MATERIAL SHOWN:
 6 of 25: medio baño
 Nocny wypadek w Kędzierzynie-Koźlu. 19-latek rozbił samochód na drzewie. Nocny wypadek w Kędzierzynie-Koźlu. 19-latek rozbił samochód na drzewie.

* * *

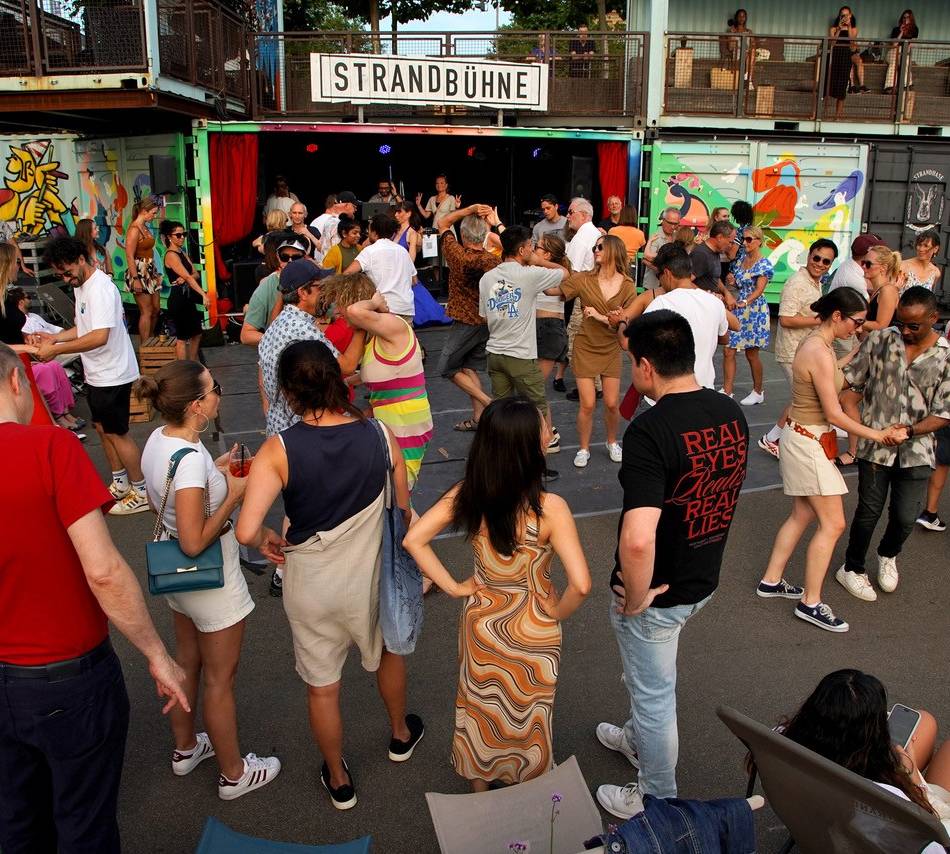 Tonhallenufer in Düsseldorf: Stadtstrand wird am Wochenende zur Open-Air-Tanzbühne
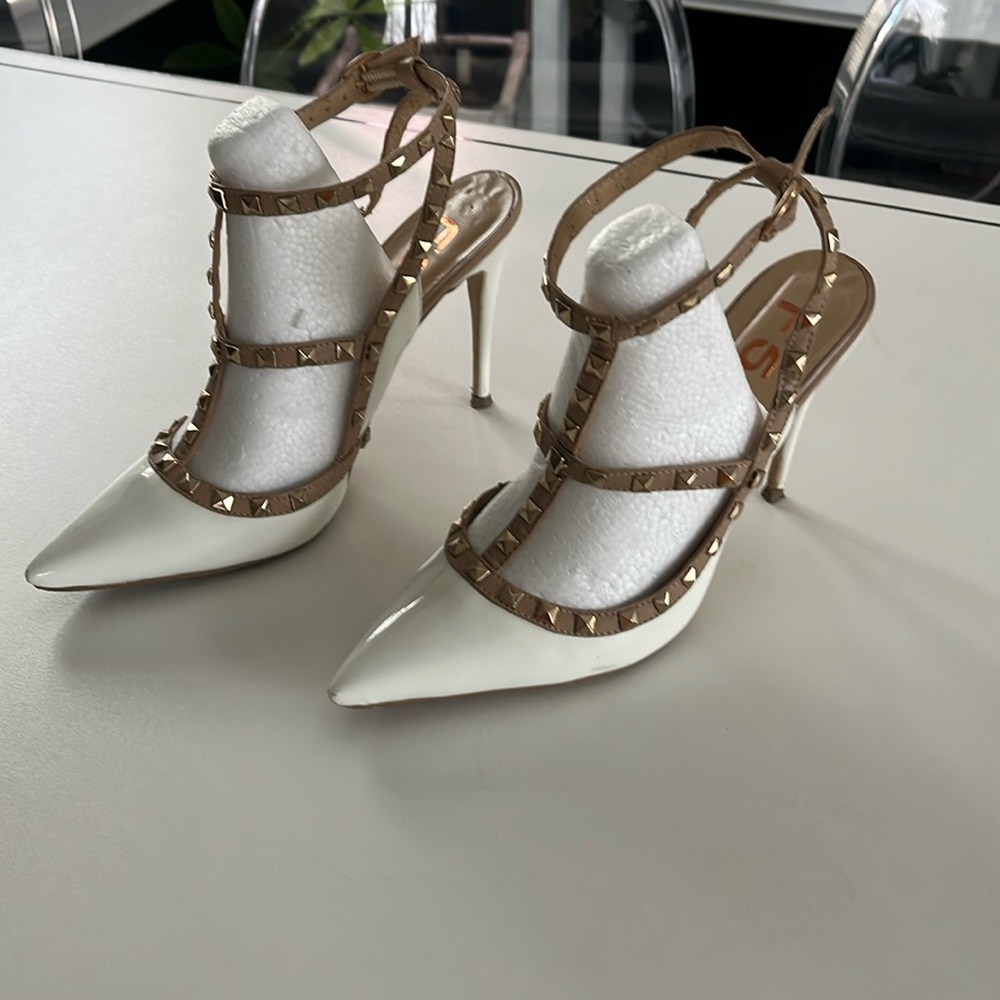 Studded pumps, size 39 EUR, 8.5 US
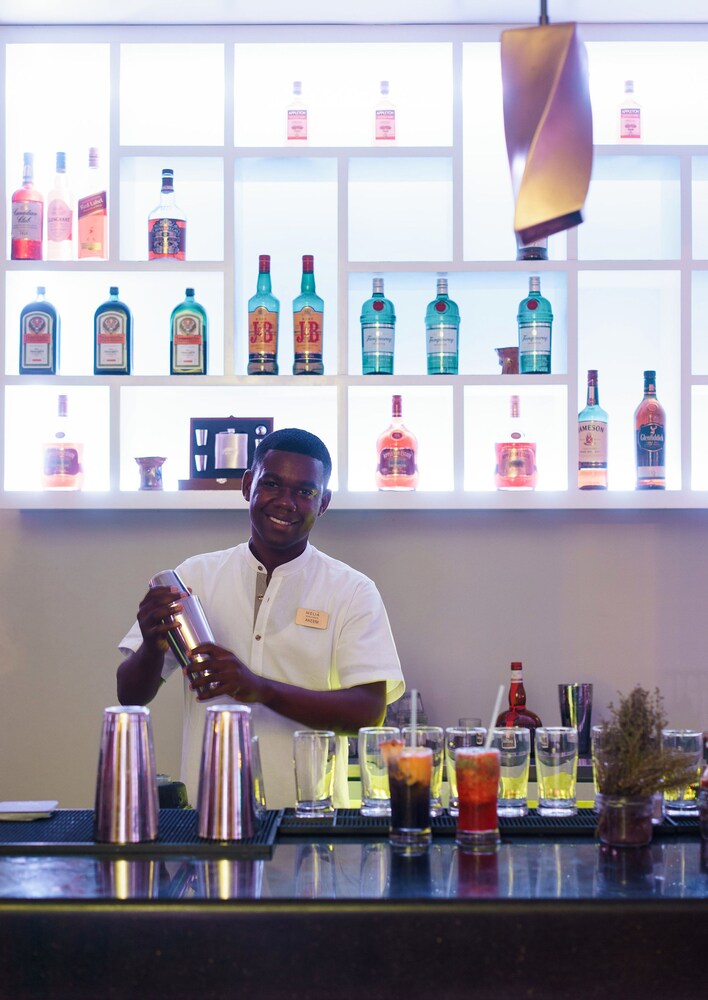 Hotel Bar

* * *

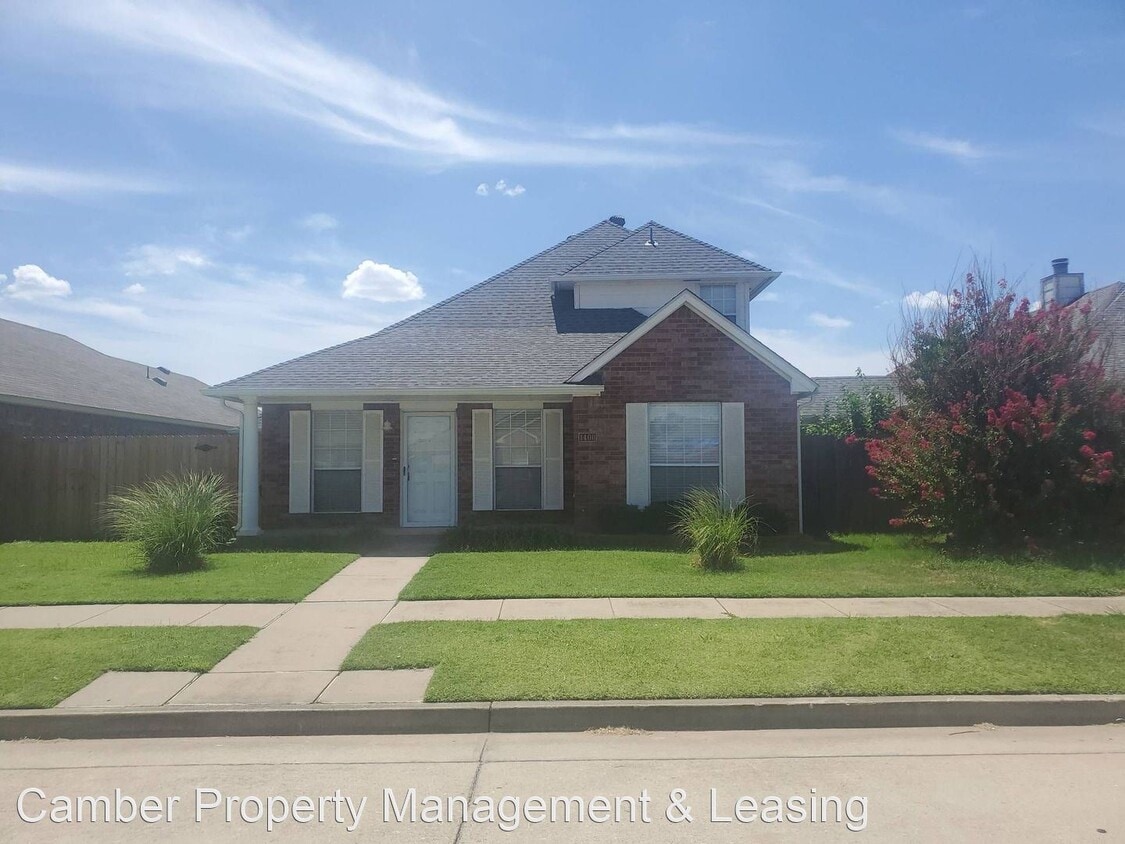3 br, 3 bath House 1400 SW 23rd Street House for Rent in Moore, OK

WHAT YOU SHOULD DO:
Everything from the line with "6 of 25: medio baño" through the line with "na drzewie. Nocny" in the listing above must be retyped exactly, with nothing added.

COMPLETED TASK:
 6 of 25: medio baño
 Nocny wypadek w Kędzierzynie-Koźlu. 19-latek rozbił samochód na drzewie. Nocny wypadek w Kędzierzynie-Koźlu. 19-latek rozbił samochód na drzewie.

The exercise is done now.